● **WORK ITEM**: Drop the pictures and repeat exactly from the "Рустам Минниханов встретился" line down to the last line of the entries below.

Stored dataset items
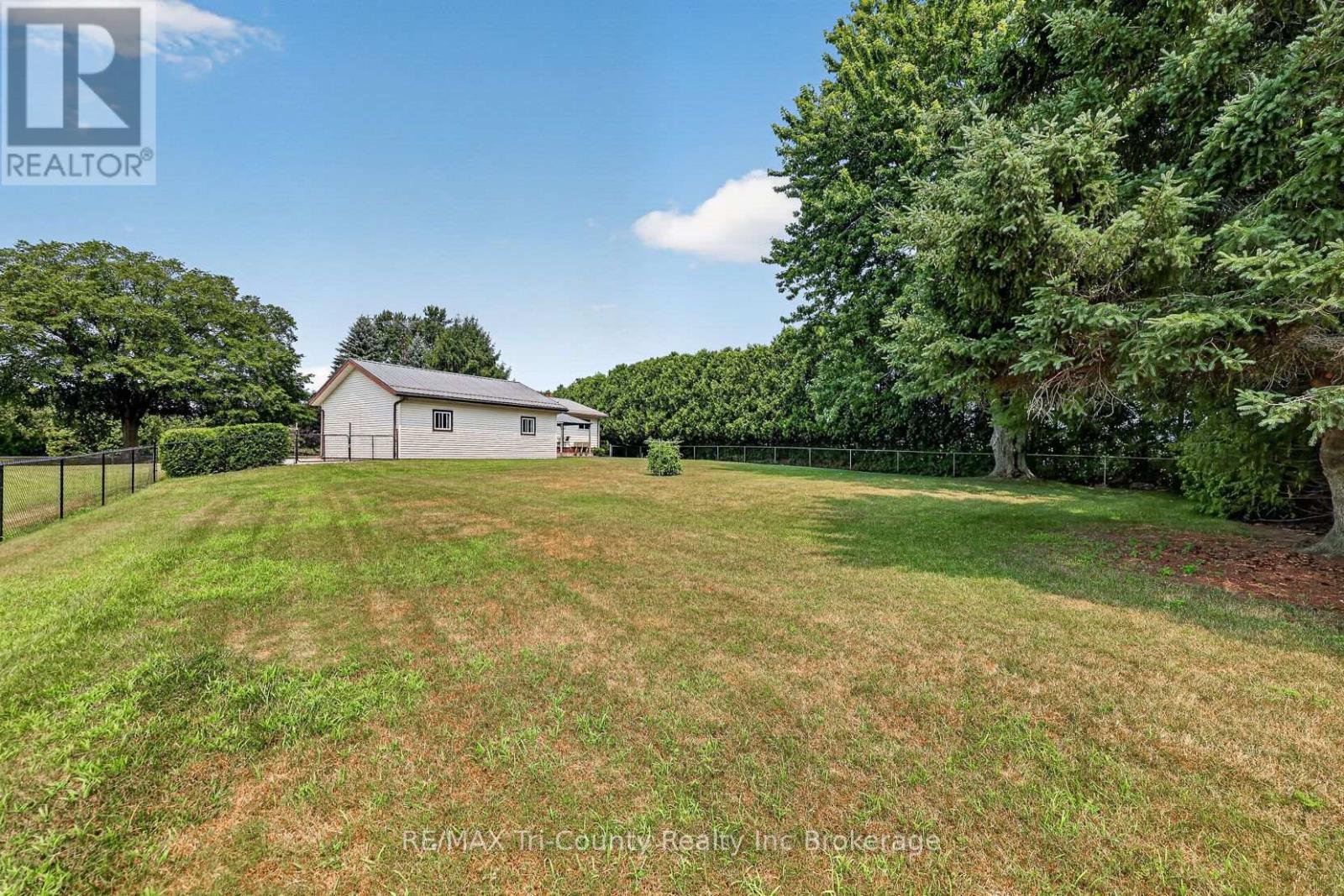 866 NORFOLK COUNTY ROAD 28 ROAD - 9
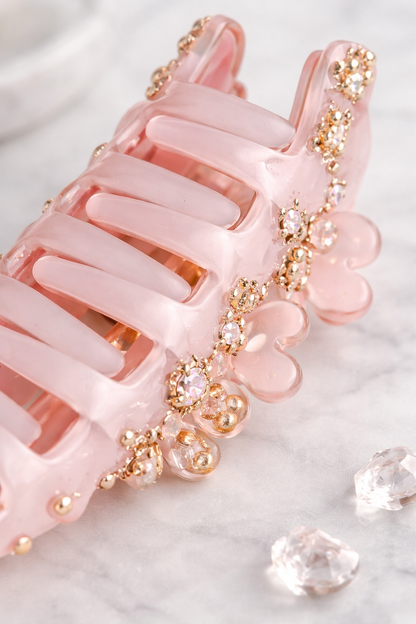Rosalie Hair Claw | Rosa blomsterprydd hårklämma i akryl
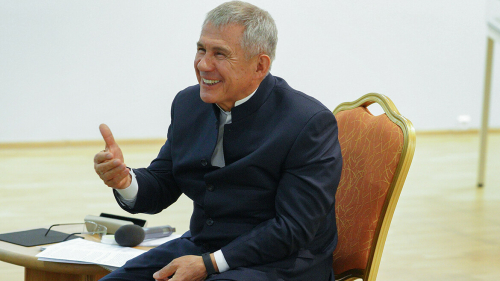 Рустам Минниханов встретился с представителями татарской интеллигенции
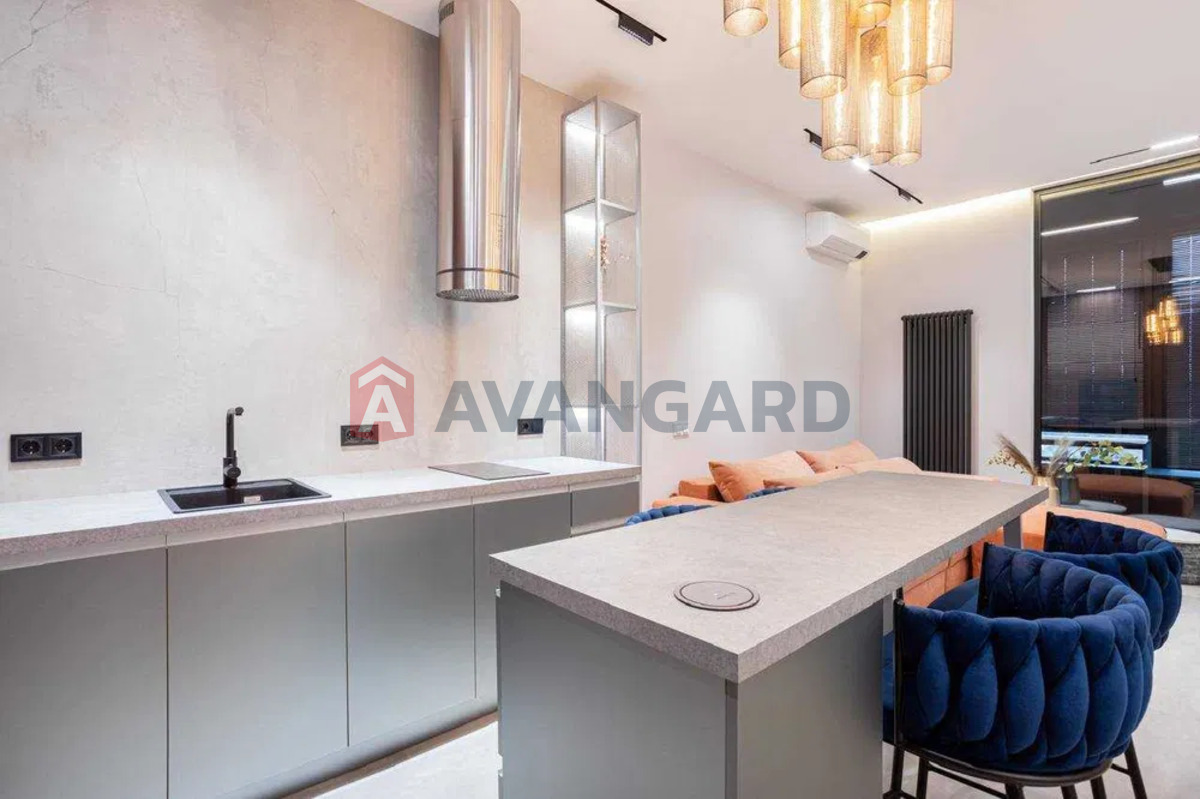 1 ��. ��������, 50/-/22 ��. �., 4/7 ������ ���� 5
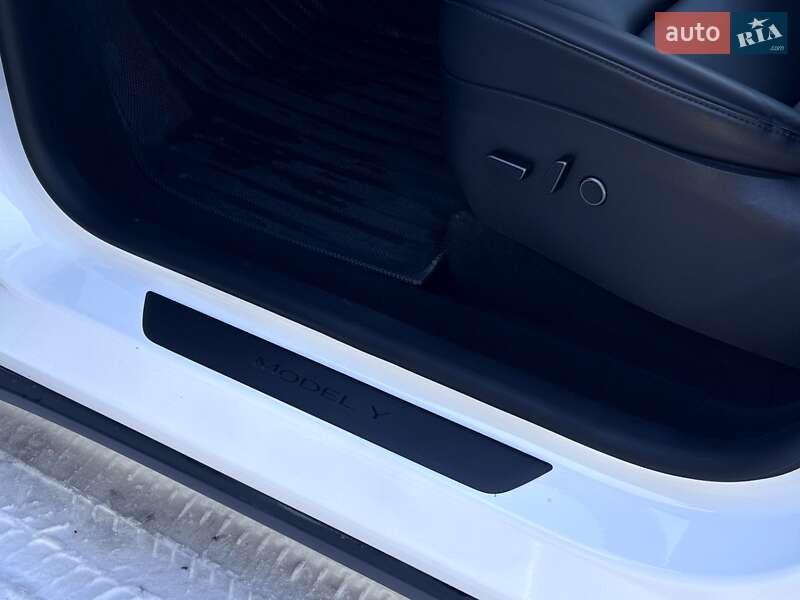 Внедорожник / Кроссовер Tesla Model Y 2023 в Львове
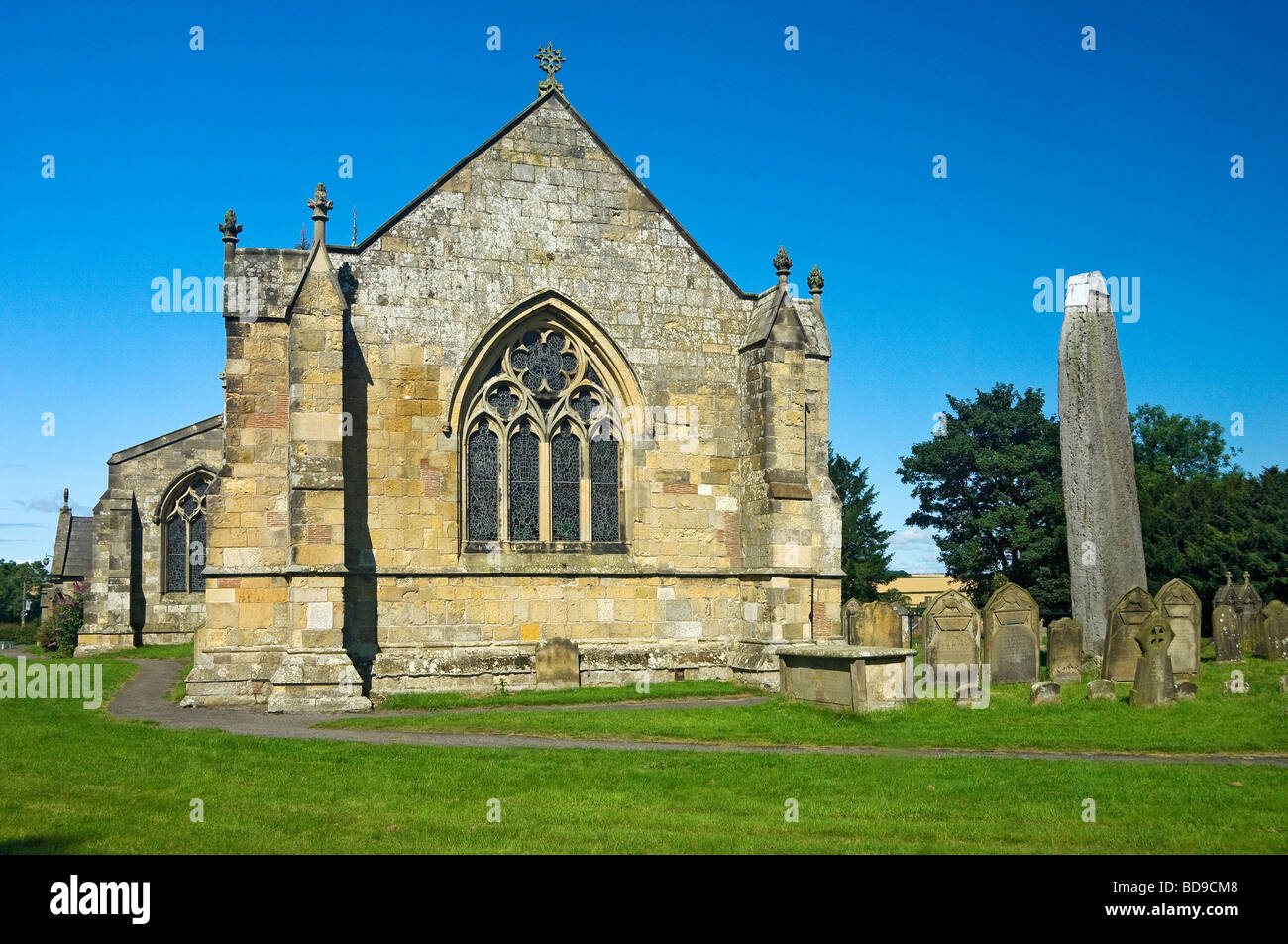 Rudston monolithe sur le parvis de l'église All Saints de l'été dans l'East Yorkshire England UK Royaume-Uni GB Grande Bretagne Banque D'Images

● **RESULT OF THE TASK**:
 Рустам Минниханов встретился с представителями татарской интеллигенции
 1 ��. ��������, 50/-/22 ��. �., 4/7 ������ ���� 5
 Внедорожник / Кроссовер Tesla Model Y 2023 в Львове
 Rudston monolithe sur le parvis de l'église All Saints de l'été dans l'East Yorkshire England UK Royaume-Uni GB Grande Bretagne Banque D'Images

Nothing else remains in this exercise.